#### Recorded information ####

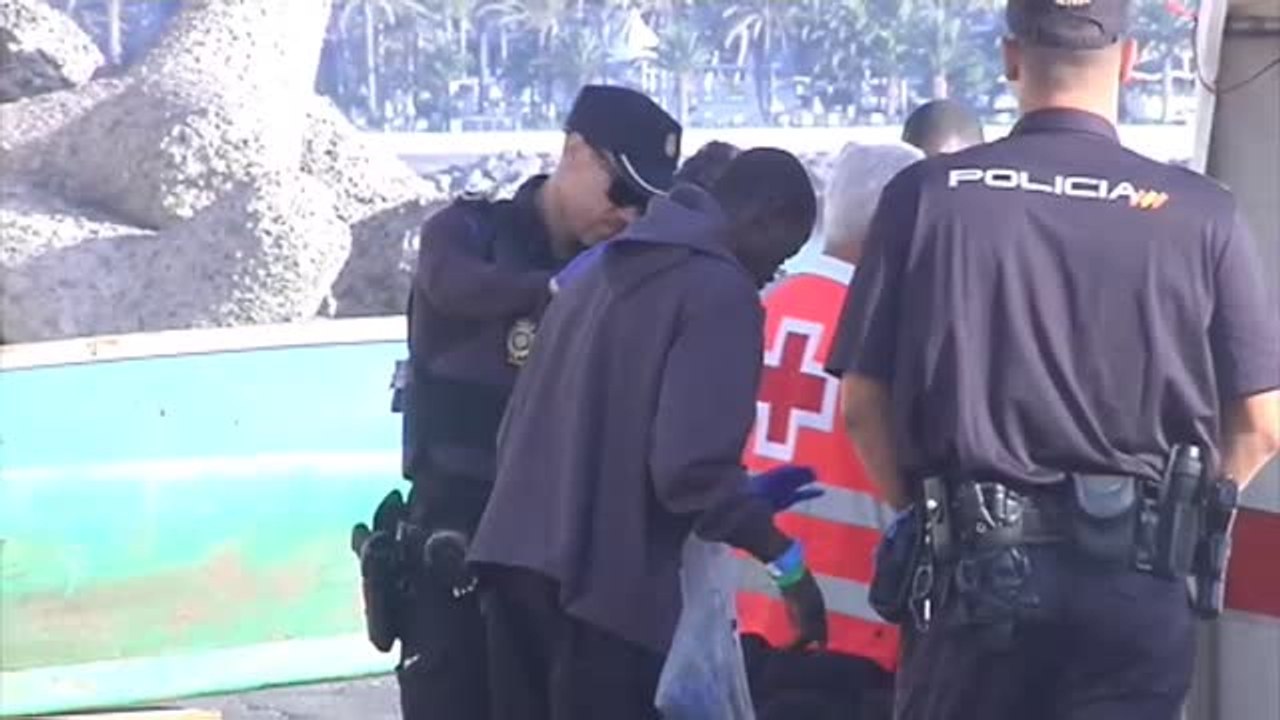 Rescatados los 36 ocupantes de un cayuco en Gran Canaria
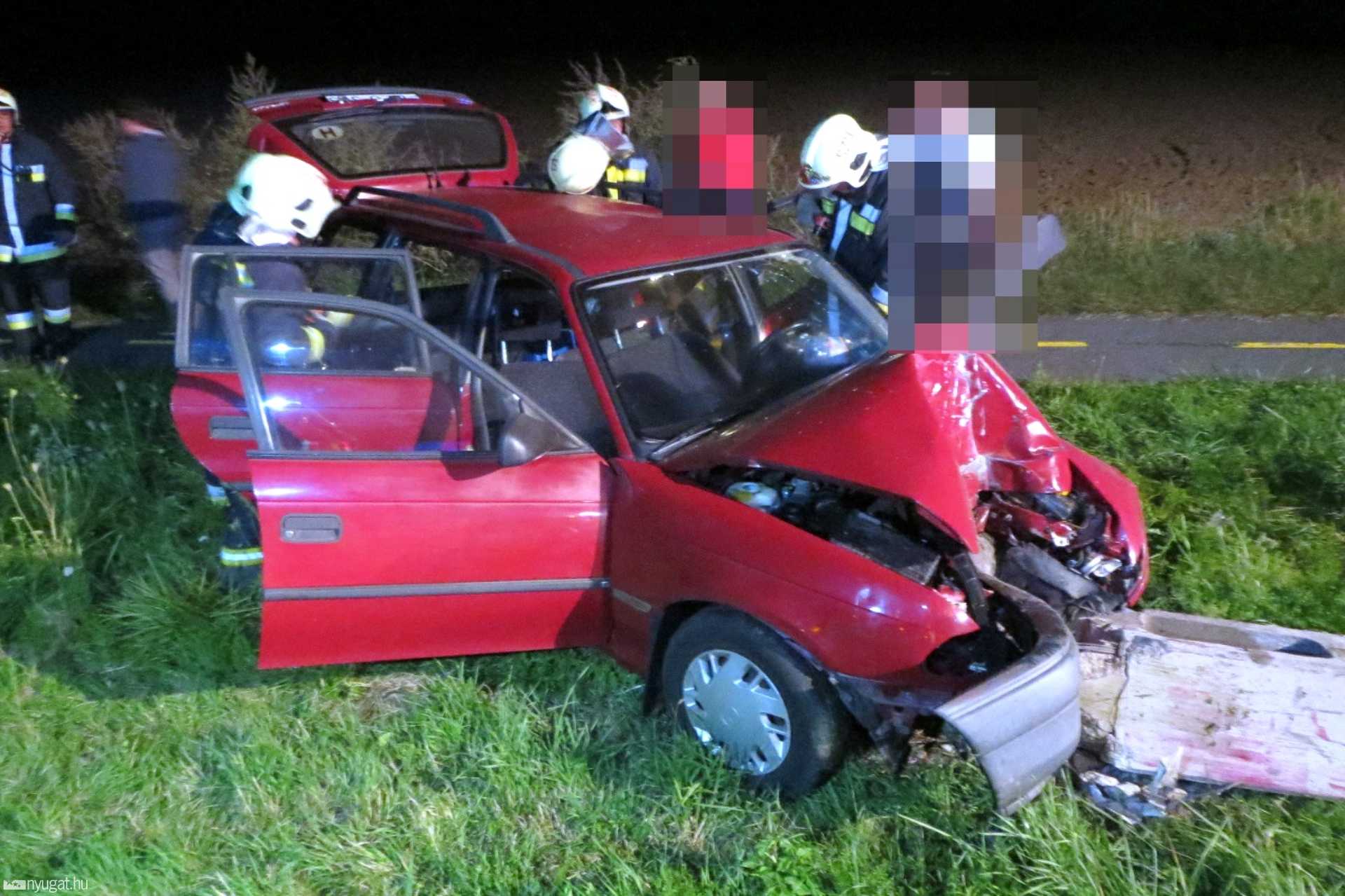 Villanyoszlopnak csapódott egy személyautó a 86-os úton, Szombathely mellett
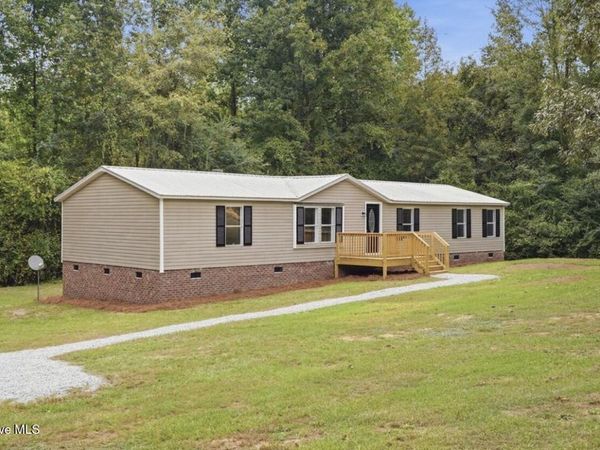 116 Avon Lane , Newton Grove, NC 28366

####

Task prompt: The listing above needs to be output again exactly. Don't include the pictures.

Response for this exercise:
 Rescatados los 36 ocupantes de un cayuco en Gran Canaria
 Villanyoszlopnak csapódott egy személyautó a 86-os úton, Szombathely mellett
 116 Avon Lane , Newton Grove, NC 28366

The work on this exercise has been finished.